[Your goal]:
Nothing but the lines below from the one with "Audi A1 SPORTBACK" through the one with "Las 487 muertes" should be output, each exactly as given, and no pictures.

[Records supplied]:
┏━━

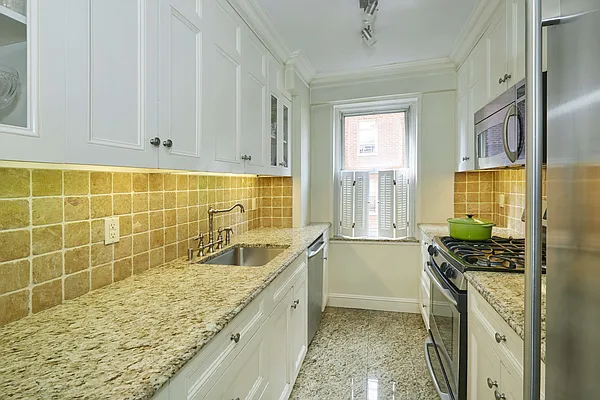 Sold by Brown Harris Stevens | media 20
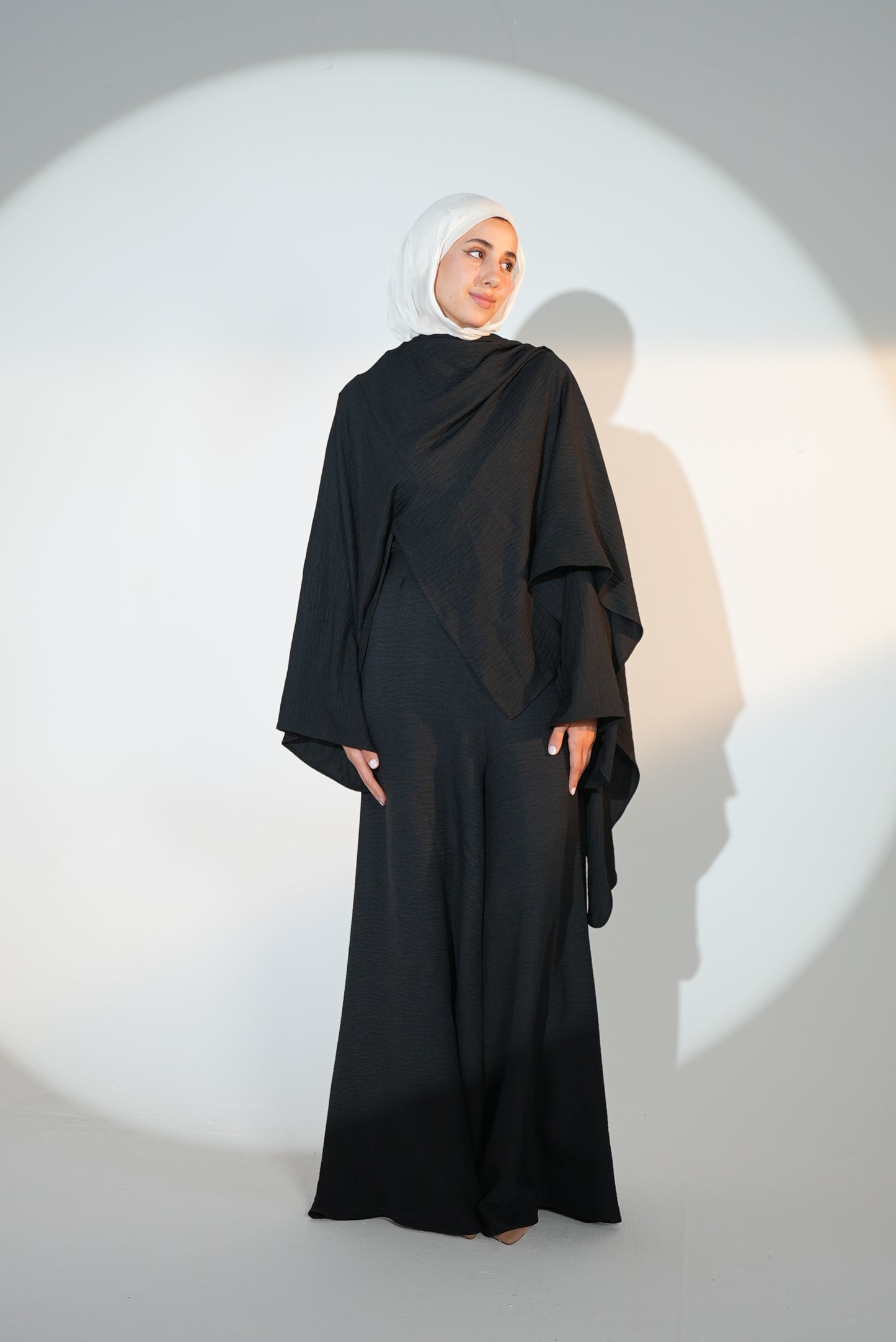 Head Turner Set in Black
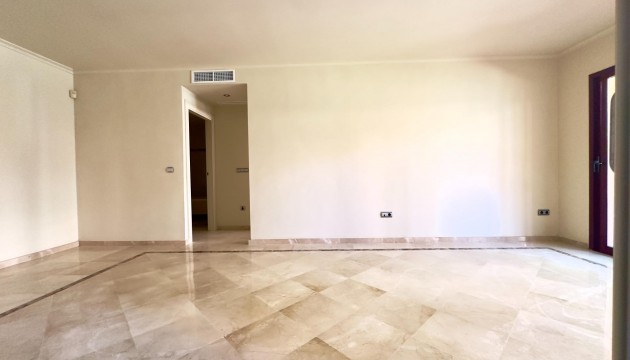 Перепродажа - Квартира - Los Alcazares - Punta Calera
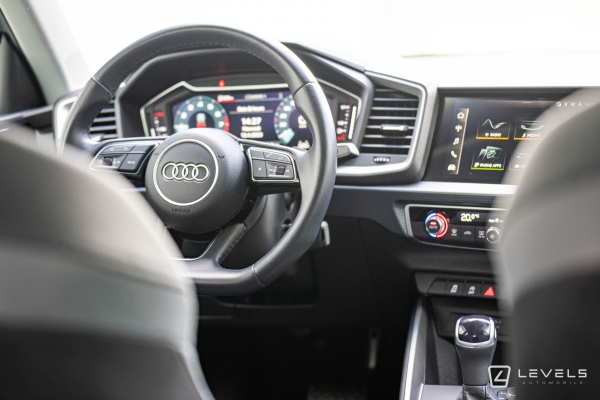 Audi A1 SPORTBACK 30 TFSI 110 CH S-TRONIC S LINE 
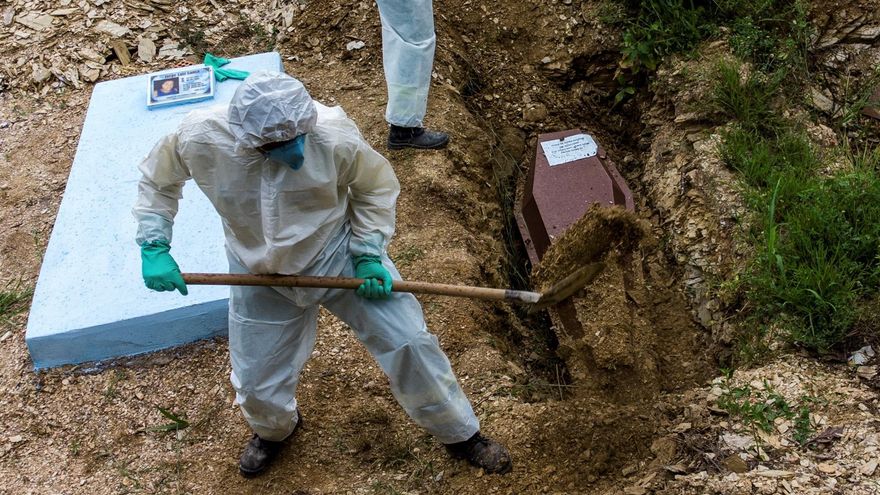 Las 487 muertes reportadas en las últimas 24 horas están aún muy lejos de las 4.249 del 8 de abril de 2021, máximo histórico desde el inicio de la pandemia, pero marcan una tendencia al alza preocupante en el país. Foto de archivo.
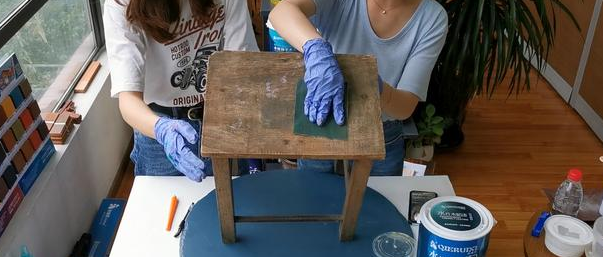 舊家具回收：老式舊實(shí)木家具翻新簡(jiǎn)單教程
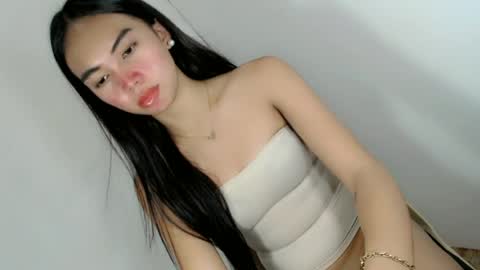 Snapshot of ella_walkerxxx chatting on 06.12.26 ella_walkerxxx online show from 06.12.26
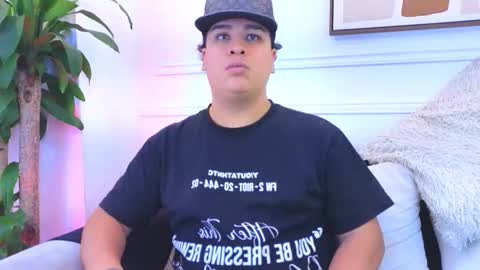 bennett_alejoo online show from February 24, 2:20 am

┗━━

[Response to the task]:
 Audi A1 SPORTBACK 30 TFSI 110 CH S-TRONIC S LINE 
 Las 487 muertes reportadas en las últimas 24 horas están aún muy lejos de las 4.249 del 8 de abril de 2021, máximo histórico desde el inicio de la pandemia, pero marcan una tendencia al alza preocupante en el país. Foto de archivo.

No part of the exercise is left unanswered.